Proposal: for a set of indexing systems to cover all 'opening positions' (really, positions on certain sub-boards with few stones).
Objective: an index that would make it easier to track down patterns, wherever they occur on SL. A search engine to match patterns may also become available in time, but that would be a complementary mechanism. For example, an index can make one aware of possibilities with which one wasn't familiar, a search engine starts from a pattern one already recognises as significant.
Form of suggestion: that joseki and other patterns should be given codes such as cAZAp, interpreted in this sort of way:
c denotes a corner pattern: there would also be side patterns s on a 19x10 sub-board;
cA indexes corner patterns based on the 4-4 point;
Z is reserved for tenuki, so that we assume alternating play as the default and mark tenuki explicitly;
cAZA would be the 4463 enclosure, cAZB the 4464 enclosure and so on;
letters p, q, r ... in lower case would represent middle game continuations (probes, invasions and so on), meaning that cAZAp can stand for the 3-3 invasion of the enclosure, cAZAq the 3-4 contact play and so on.
Comments here ...
My concern is that development and systematic application of this type of indexing system would tend to make SL incomprehensible to people familiar with the Go literature in general but not familiar with SL. Therefore I believe that we would end up with something more "average user" friendly if we were to concentrate on increasing the linking between existing pages and building more comprehensive index pages using the more familiar terminology used in other books. This is not nearly as compact as Charles' suggestion, but I personally think that it is more likely to make SL appealing to the majority of readers. --DaveSigaty
TDerz Has anyone of above consulted an experienced documentalist, i.e. a librarian? (I am not)

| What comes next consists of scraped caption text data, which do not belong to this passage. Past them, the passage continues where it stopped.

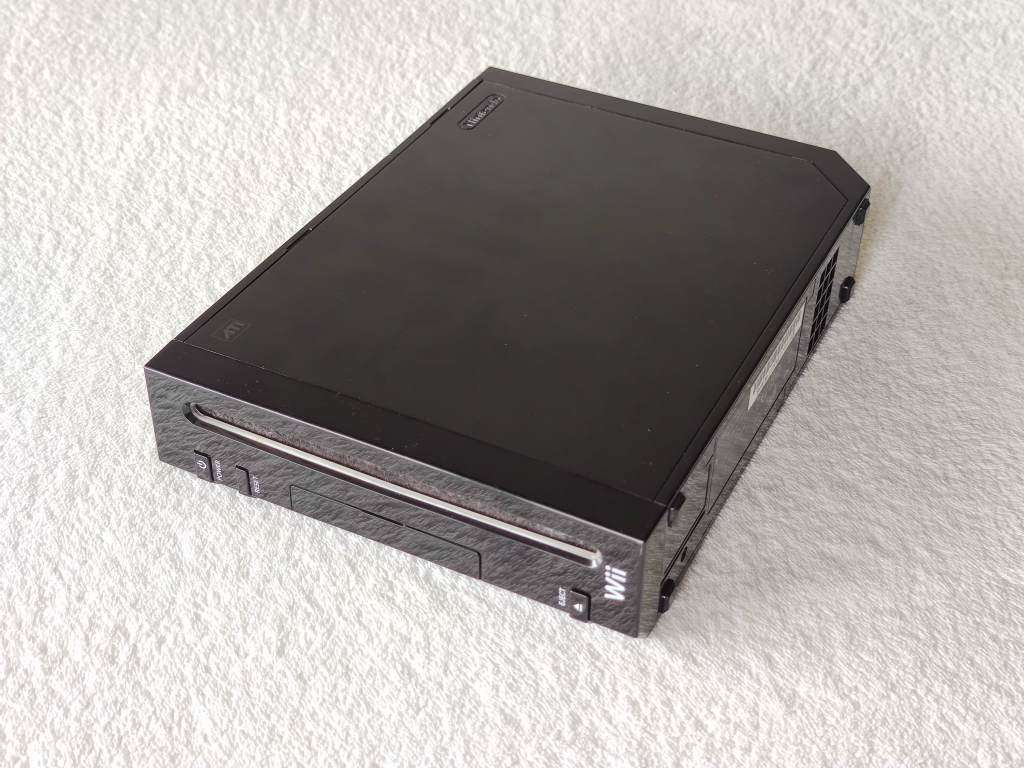 Nintendo Wii Console + 5 Games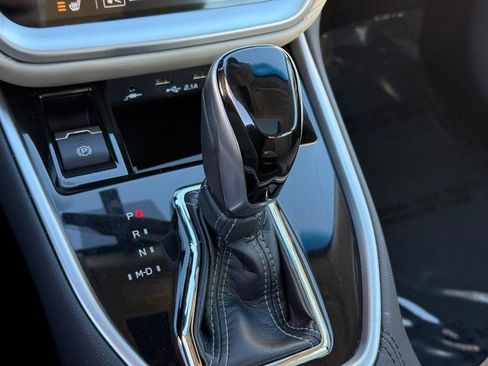 Used 2022 Subaru Legacy Limited image 25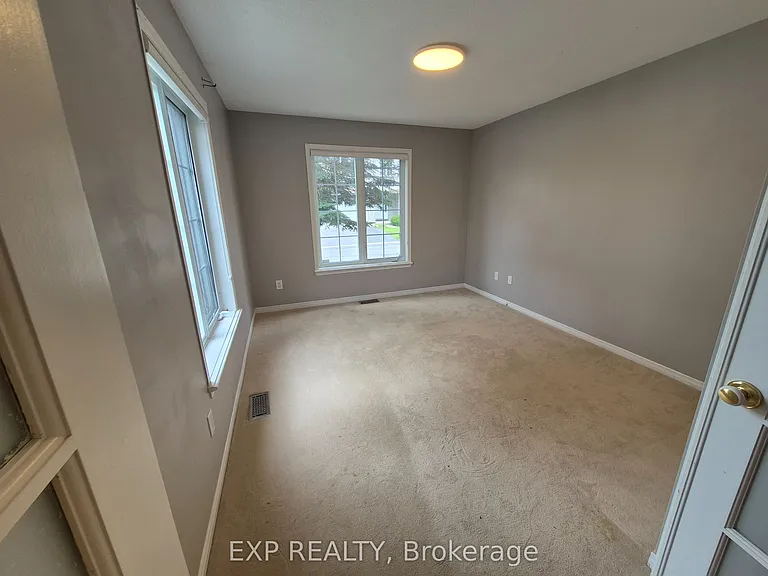 2 Maple Park Point — Photo 6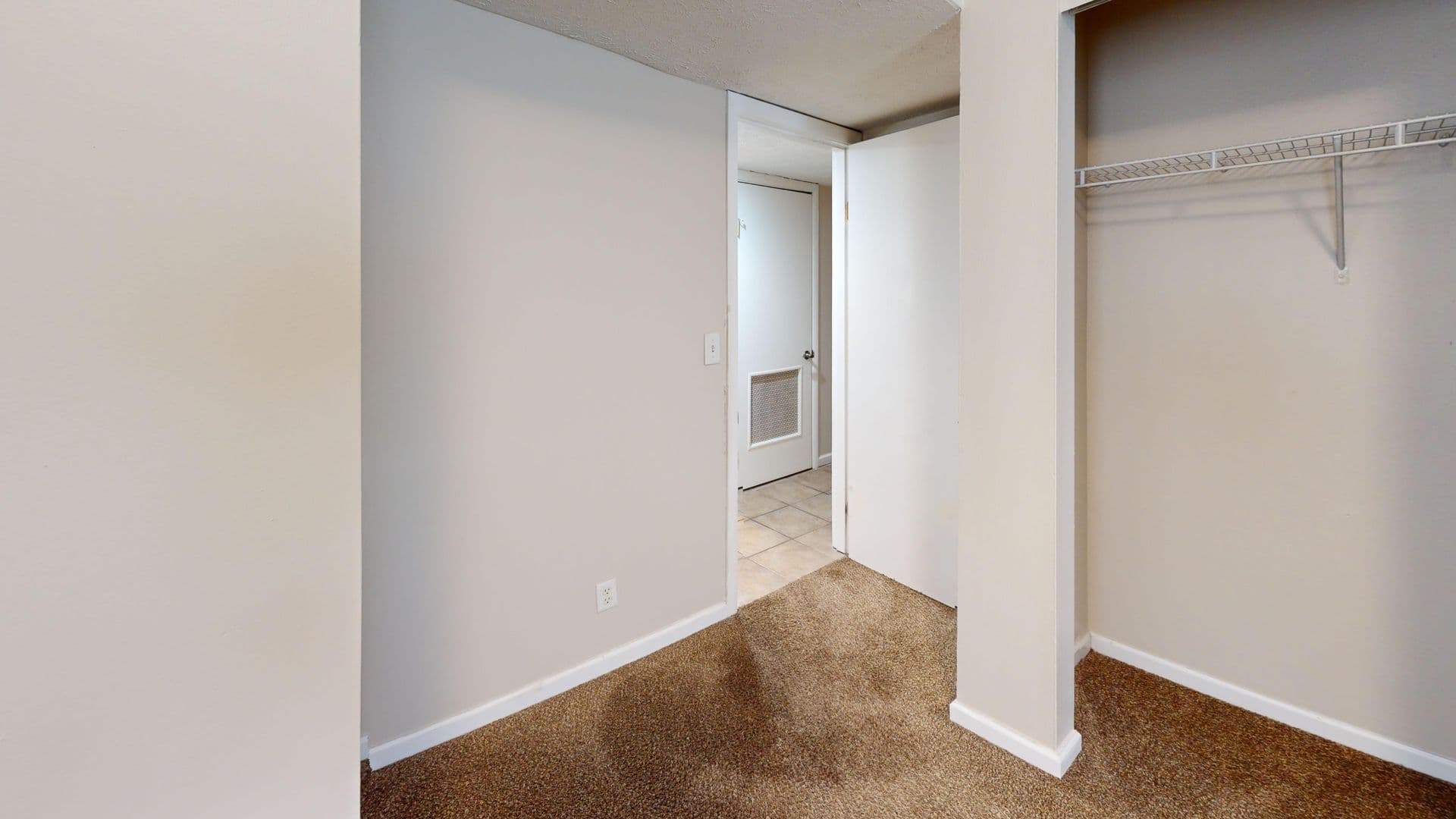 West Lafayette Apartment: 1304 Palmer Dr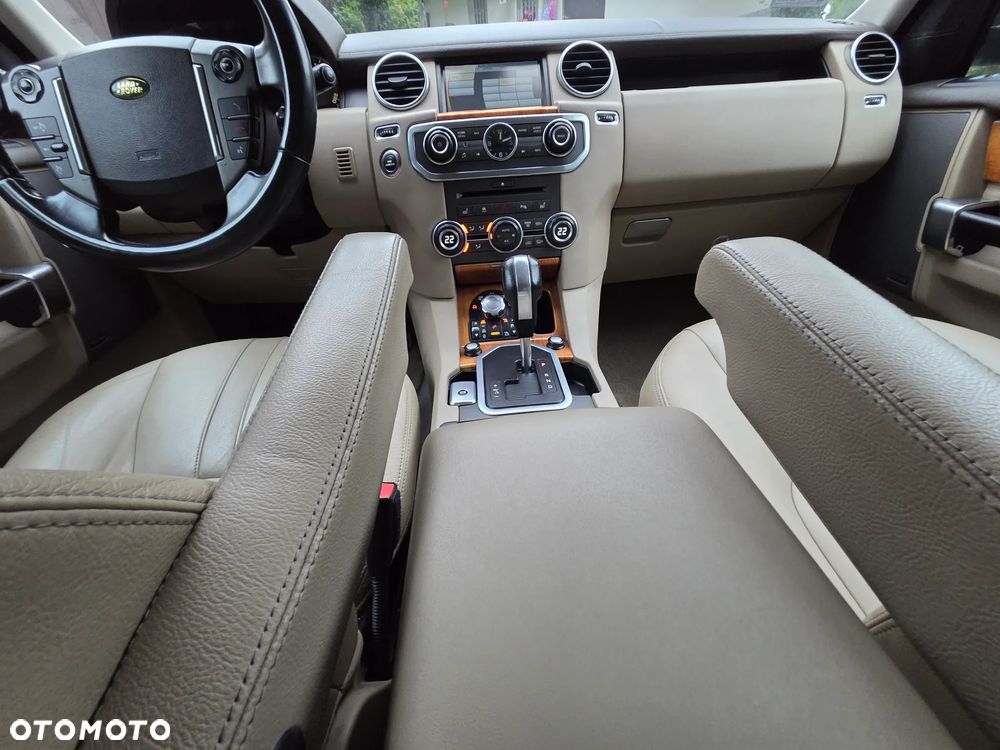 Land Rover Discovery 2.7D V6 HSE - 12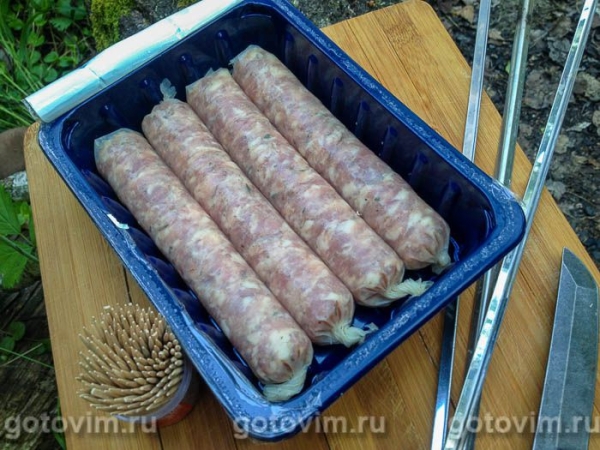 Купаты на мангале (шашлык из колбасок для жарки) Купаты на мангале (шашлык из колбасок для жарки)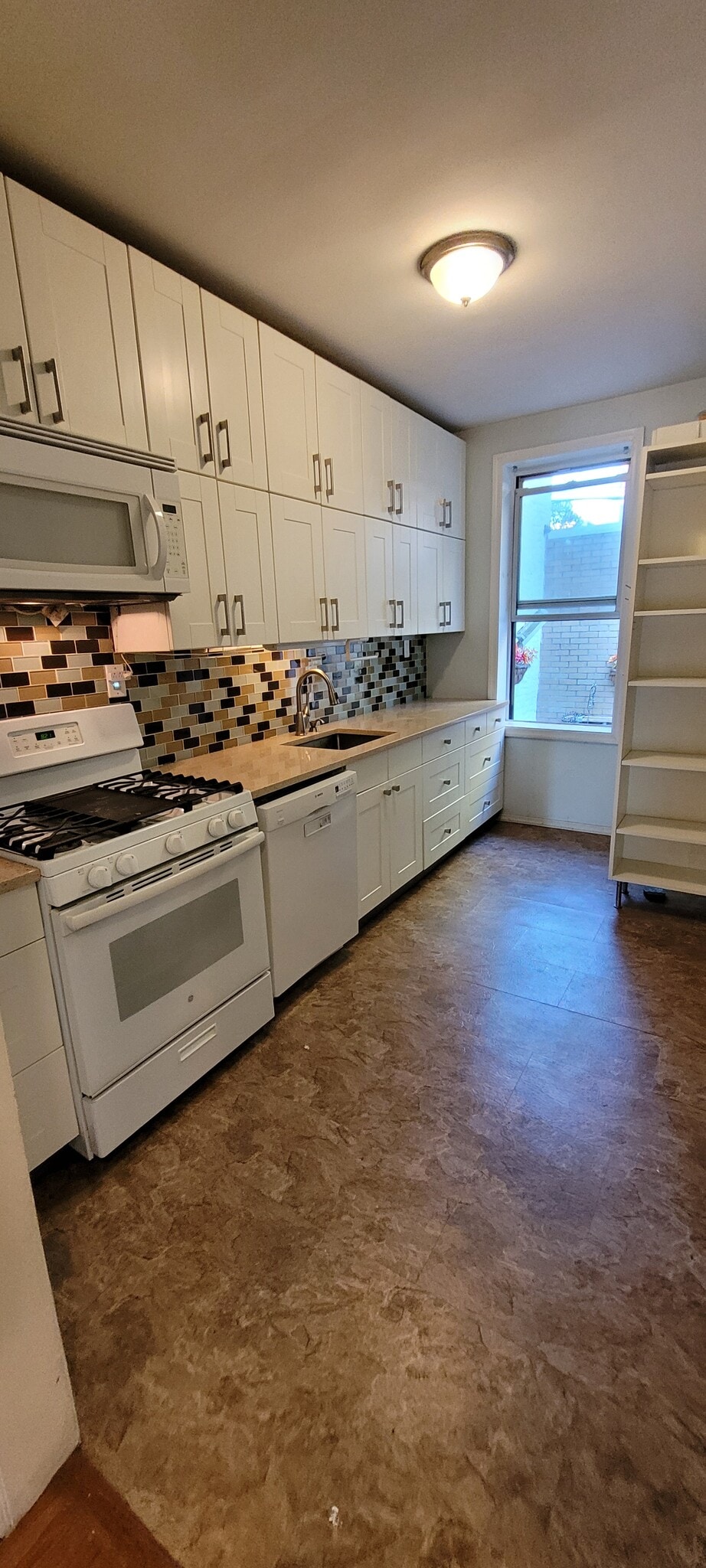 Kitchen - 46 Clara St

Every proposal has pros and cons.
I foresee here a particular problem with the Z classificator in Charles proposal. This is purely arbitrary for a beginner, who does not know that many amateur high dan players will classify a move as such, AND it might be so for a professional Korean player.
Wouldn't any sequence with two consecutive moves, i.e. B-B and W-W comprise a white, resp. a black tenuki?

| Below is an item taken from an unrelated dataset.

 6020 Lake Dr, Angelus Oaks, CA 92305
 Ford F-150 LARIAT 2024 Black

If it is not only the pattern which is searched and classified, but also the sequence which leads to it, then I do not understand the need for the move classifier Z.
This is purely arbitrary for a beginner, who does not know that many amateur high dan players will classify a move as such, AND it might be so for a professional Korean player. The information Tenuki Z comes actually from the knowledge of another Joseki, however this _not being present in the position diagram which anyone__ should be able to translate into the query.

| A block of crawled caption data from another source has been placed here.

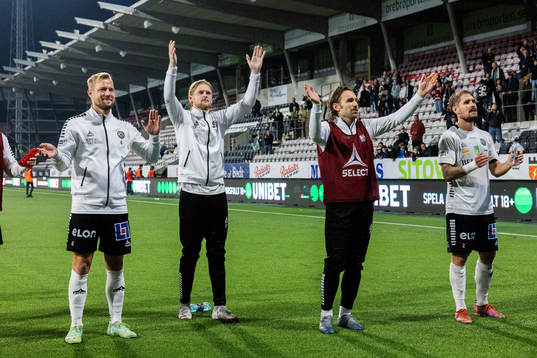 Örebros Sebastian Crona, Kalle Holmberg, Kevin Walker och Daniel Björnquist jublar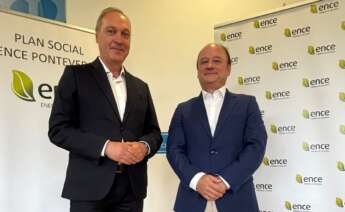 De izquierda a derecha Agustín Reguera Ocampo, delegado territorial de la Xunta en Pontevedra y Antonio Casal, director territorial de Ence en Galicia, en la presentación del Plan Social de Ence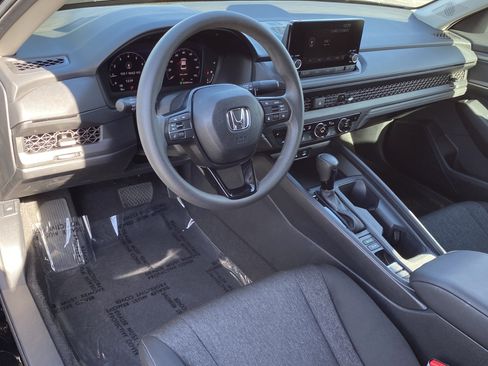 Used 2025 Honda Accord SE image 14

Hence these types of Joseki including Z must be classified twice for being retrievable at last.
Any classification system [2] having its cause and purpose that you want to find (information on) josekis, will have to deal with several - mutually exclusive to some extent [1] - desiderata:
Information visualization tools for exploration:
Hence, what's my conclusion? The quintescense is to distinguish between two different goals:
Stick to good old diagrams as entries, when the user is a human. Give some shortcuts (4-4, 3-4, 5-3, 3-3 with follow-up letters).
For the machine searchability I have no best answer.
It always has a relationship with redundancy, relevance and significance. Usually, one cannot optimize them all at once.
(Here comes in my 15 years experience in chemical database searching, which of course has much different problems (recall overflow vs. significance) than searches in Go (there won't be so many entries on Josekis))
Readibility for humans at this stage is most probably not important, as everything can be translated into visual diagrams for humans. Could this hint that the inverse way is also the most suitable: input search query graphically?
BTW, here a very good overview on the Search & Indexation can be found Exhaustivity Specificity Precision Recall which explains much better, what I wanted to express above.
Perhaps I miss the whole point and issue at stake here, however users - I am a user - do not care much about what happens below the surface of a machine, rather want fast access (efficiency) to results.
It might also be that different approaches from above are best in different - mutually exclusive - situations (searches for josekis). However, if someone prefers one approach (search language, e.g. Charles, Doug's, AGA's, Tamsin's) over the other a simple translation tool could enable any user to work in his/her preferred language. Not so specific queries (e.g. including Charles' tenukis Z had to get wildcards *)
[1] as in "You cannot have the cheapest and best car."
[2] BTW, here a very good overview on the Search & Indexation can be found Exhaustivity Specificity Precision Recall which explains much better, what I wanted to express above.